For our Thanksgiving this year, we had seven people from four different states all convening at an aunt and uncle’s home in a fifth state.  The travel arrangements alone took up a whole lot of time and energy!  Then there was the meal.  Between food allergies and food preferences, cooking with my family can be quite a juggling act.  I, for instance, insist on canned cranberry sauce.  It’s about the only area where I won’t compromise, which I feel is fair for the least expensive item on the table.  We also have homemade cranberry sauce (which, oddly, I played a part in making this year.  Let’s just say I may have overdone it on the cloves.).  Other members of the family have their quirks, too.  Somehow, though, we make it work.  And that’s where the volunteer management skills come into play.

We know that good volunteer management requires a solid vision of the volunteer program.  We have to know what constitutes success before we even begin to put volunteers into action.  Like my heavily-cloved cranberry sauce, that doesn’t mean we don’t make mistakes.  But we know our goal and we put our resources into getting there.

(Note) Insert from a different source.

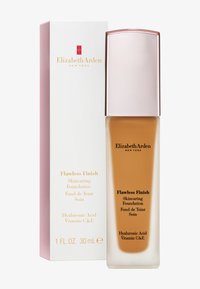 Flacon de fond de teint Flawless Finish avec un fond transparent et un liquide beige, présenté dans une boîte rose pâle avec du texte et un logo dorés.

Sometimes the most challenging part can be getting the right volunteers into the right positions so that they are happy in their work.  This leads to better work and higher retention of the volunteers.  This is equally true at Thanksgiving.  What role do we give everyone so that each person plays a part in the success of the meal?  Let’s put the people who love cooking up front, the creative types can set the table, and those who love to clean up are on dish patrol.  Stick the friendliest person with the newest member of the family to make him/her feel comfortable.

If you’ve been to a dinner where people are in the wrong roles, you can feel the misery in the air.  Ask me to bake you a pie and you’re asking for a cranky woman in the kitchen and bad dessert for everyone!  We won’t meet our goal of a good meal for all and I’m not going to be too excited about next time.  Ask me to buy the groceries and wash the dishes and we’ll all be much happier.  The same is true of any volunteer event or program.

Plan right and get to know your volunteers.  Get the right people in the right positions and you’re more likely to see those volunteers return and get closer to reaching your goals.

People ask me for the secrets to volunteer retention all of the time.  I still have no Big Secret to unveil, but I think there’s a lot to learn from a family meal.  I hope you all enjoyed your Thanksgiving as much as I did and maybe had some “aha” moments as well!